Convert String.Index to Int or Range<String.Index> to NSRange

Question

So I've found issues relating to the case of converting NSRange to Range<String.Index>, but I've actually run into the opposite problem.

Quite simply, I have a String and a Range<String.Index> and need to convert the latter into an NSRange for use with an older function.

So far my only workaround has been to grab a substring instead like so:

func foo(theString: String, inRange: Range<String.Index>?) -> Bool {
    let theSubString = (nil == inRange) ? theString : theString.substringWithRange(inRange!)
    return olderFunction(theSubString, NSMakeRange(0, countElements(theSubString)))
}

This works of course, but it isn't very pretty, I'd much rather avoid having to grab a sub-string and just use the range itself somehow, is this possible?

Answer 1

let index: Int = string.startIndex.distanceTo(range.startIndex)

Answer 2

I don't know which version introduced it, but in Swift 4.2 you can easily convert between the two.

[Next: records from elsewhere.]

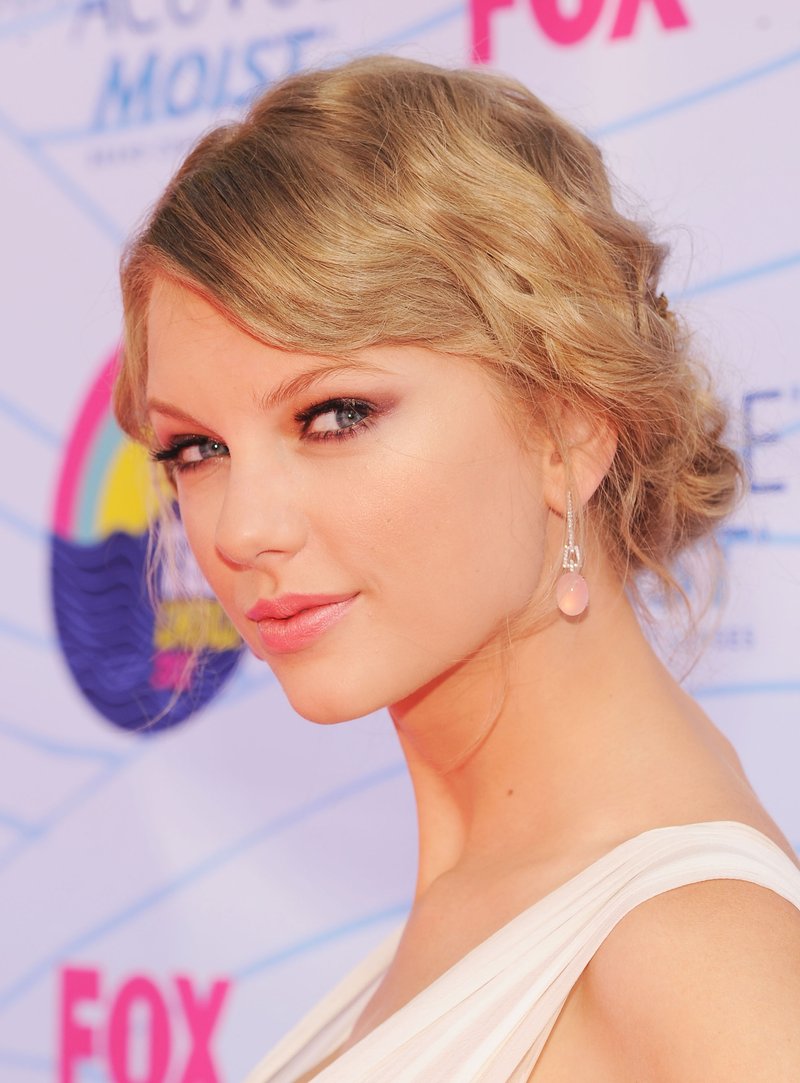Taylor Swift at 2012 Teen Choice Awards — photo 18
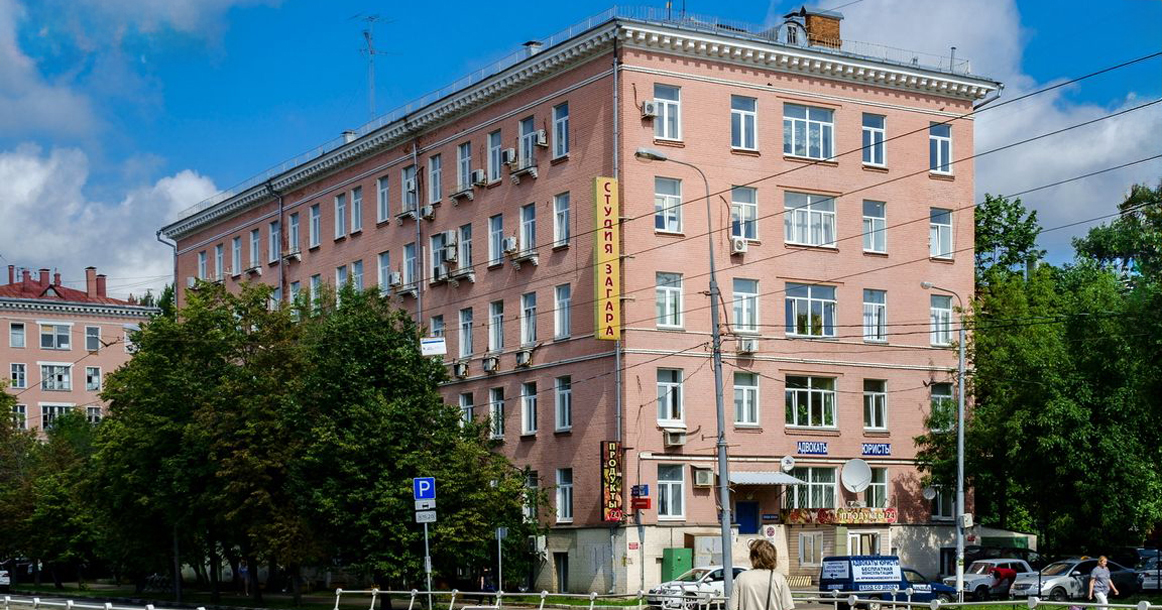 На улице Кржижановского снесут бывшие общежития Мосгортранса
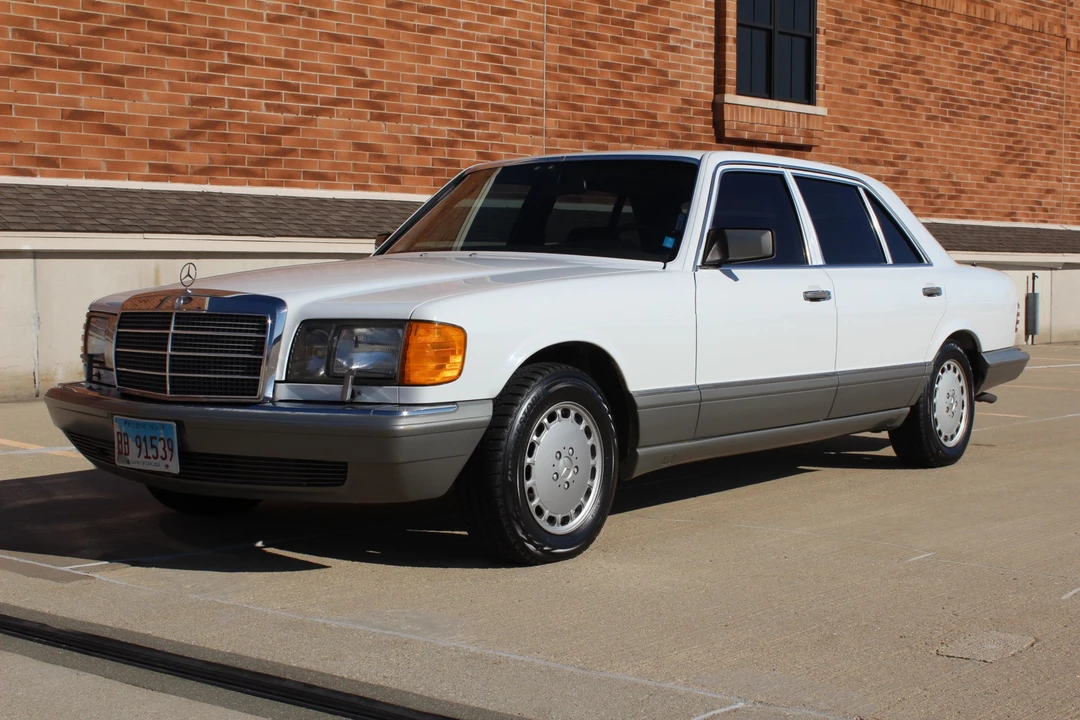 1987 Mercedes-Benz W126 S-Class Sedan - Image 7 of 31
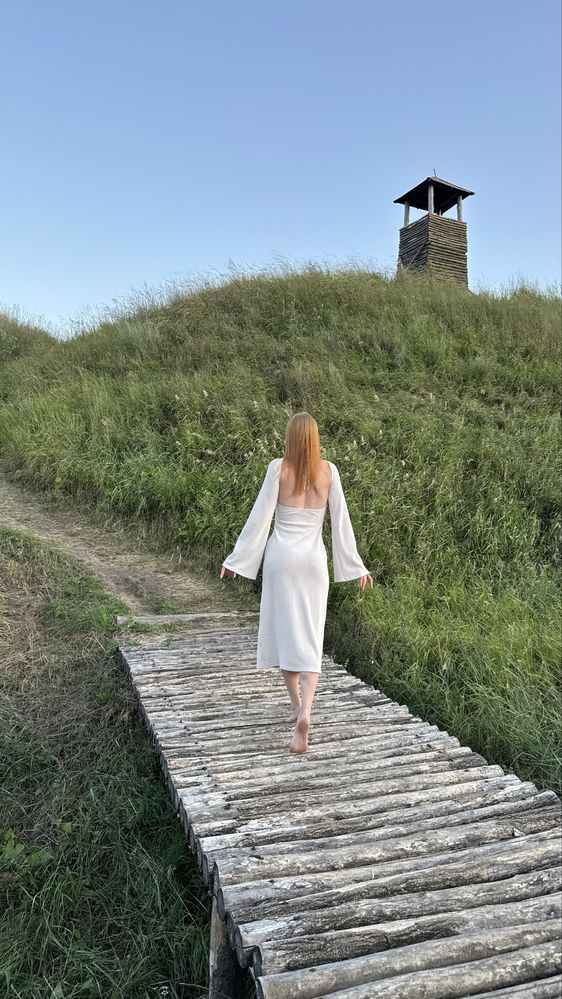 Сукня з відкритою спинкою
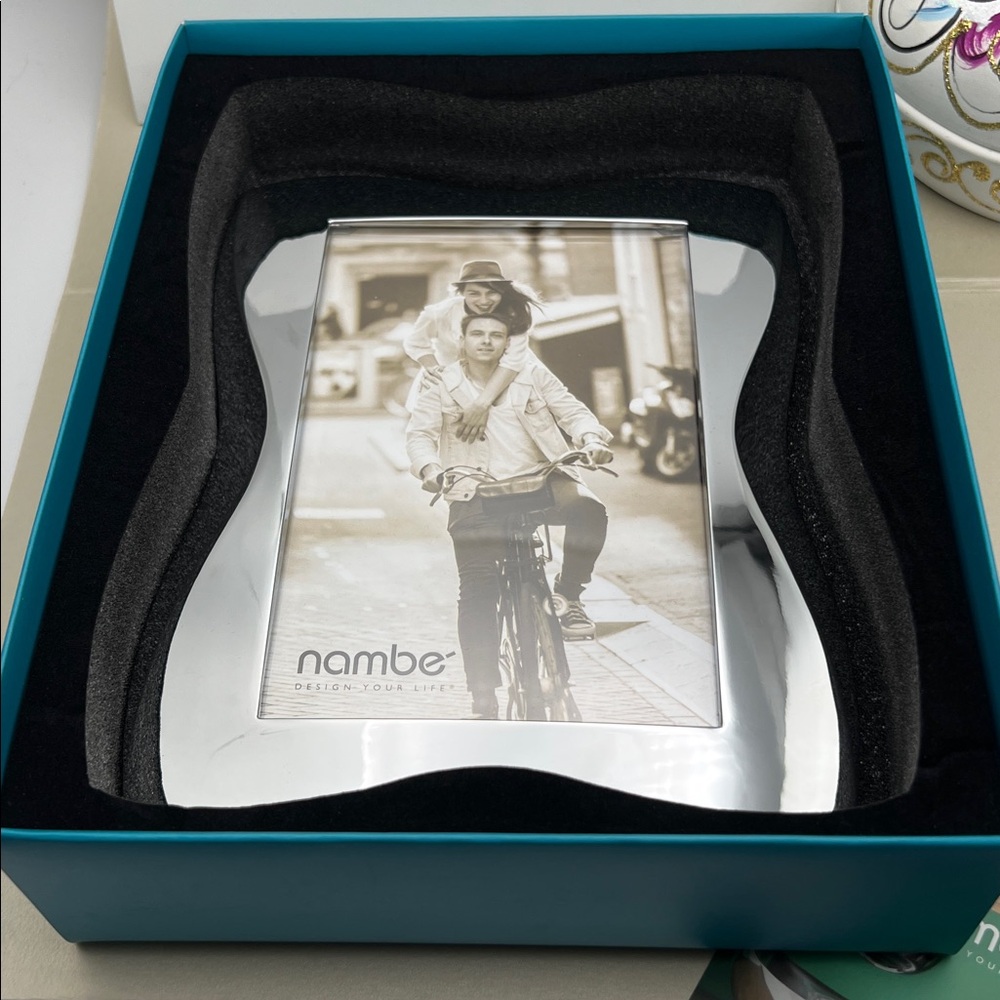 Nambe Bella Frame - 4x6 Silver Frame, Designed by Steve Cozzolino, Chrome Plate - Picture 15 of 15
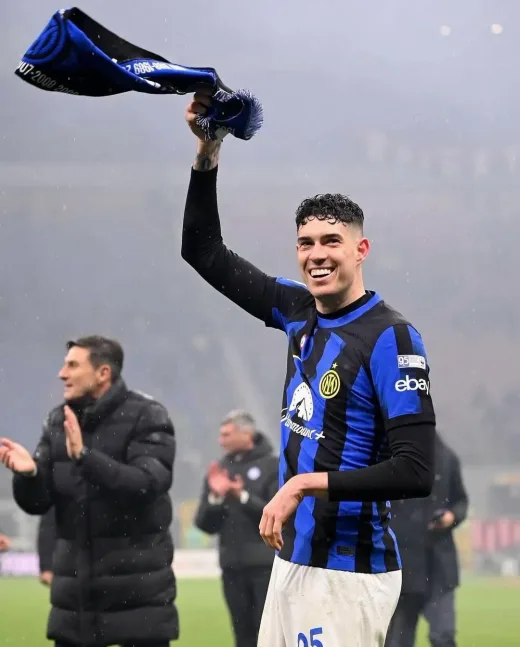 Barcelona Bidik Alessandro Bastoni: Optimisme Transfer di Tengah Turbulensi Serie A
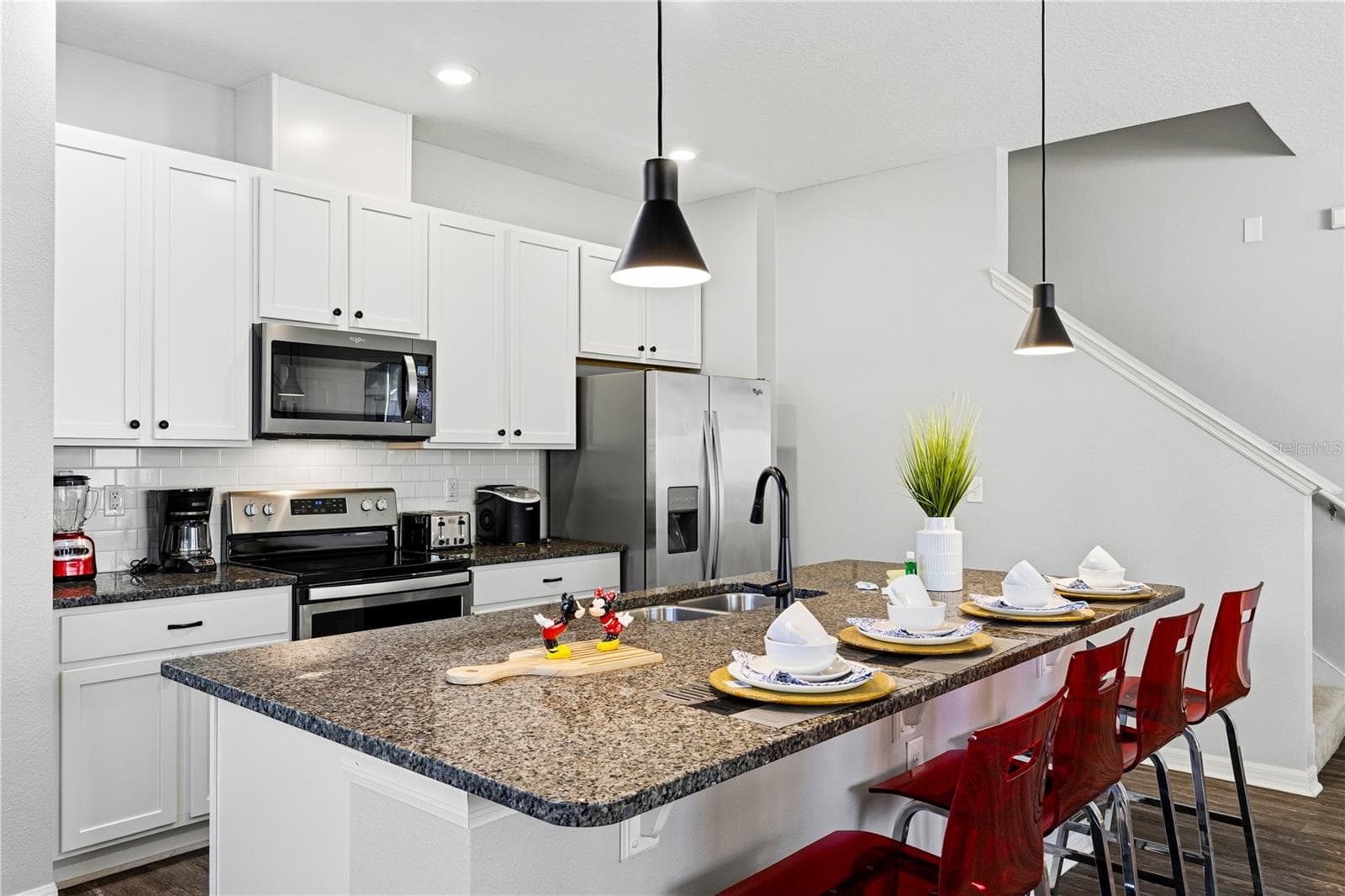Inviting kitchen designed to be the heart of the home - 5150 CROWN HAVEN DR, KISSIMMEE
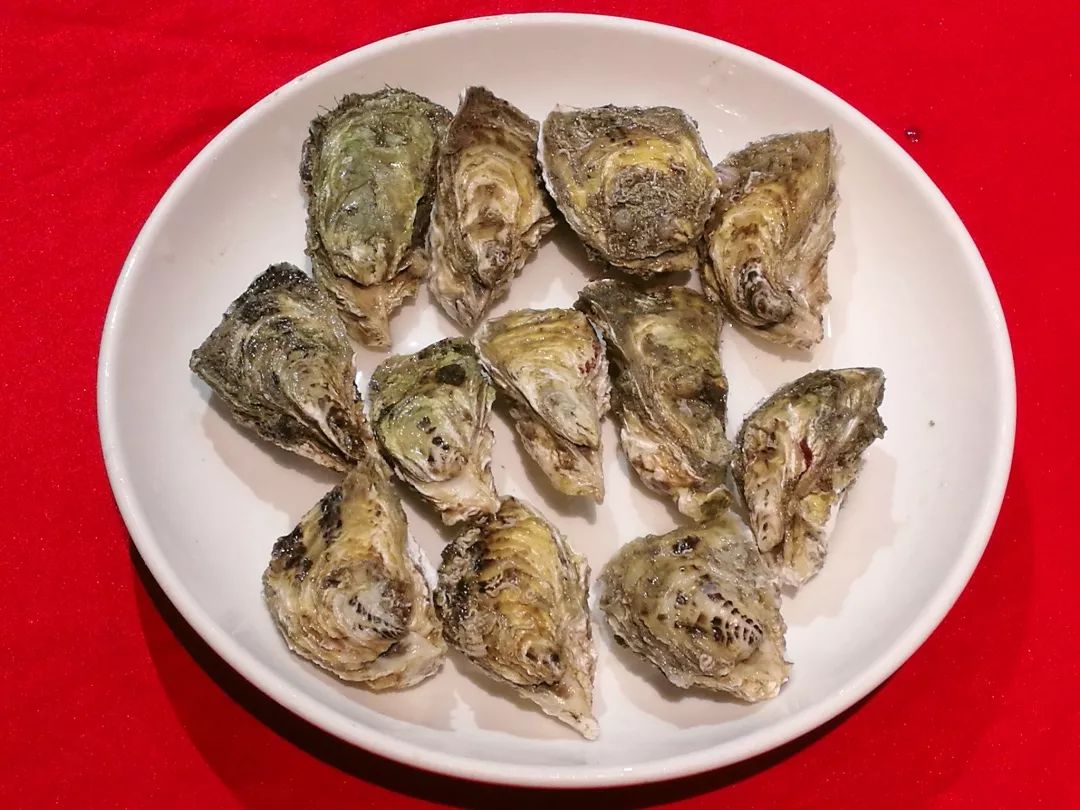 广州荔湾象拔蚌刺身,生蚝象拔蚌海鲜自助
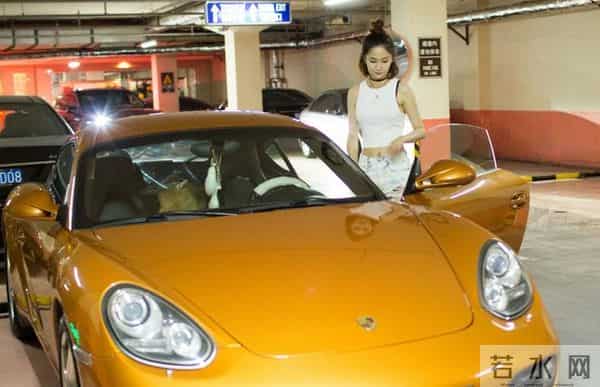 27岁肉蒲团女主角蓝燕近照，住豪宅开豪车，家族一半人移民美国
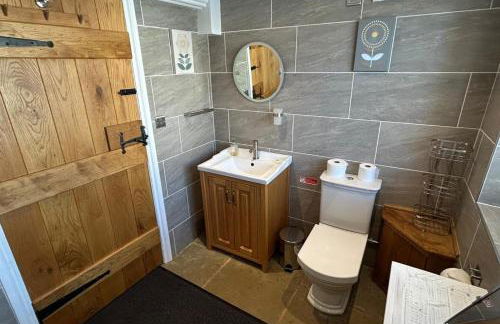 Farmhouse - Sleeps 6 - Near Alton Towers Peak Dist - Foto 9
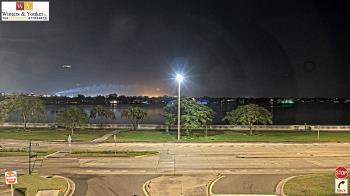 Weather camera view of Winter & Yonker P.A..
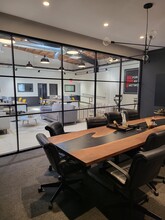 3000 N Hollywood Way, Burbank, CA for lease Interior Photo- Image 2 of 15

To convert Range<String.Index> to NSRange:

let range   = s[s.startIndex..<s.endIndex]
let nsRange = NSRange(range, in: s)

To convert NSRange to Range<String.Index>:

let nsRange = NSMakeRange(0, 4)
let range   = Range(nsRange, in: s)

Keep in mind that NSRange is UTF-16 based, while Range<String.Index> is Character based. Hence you can't just use counts and positions to convert between the two!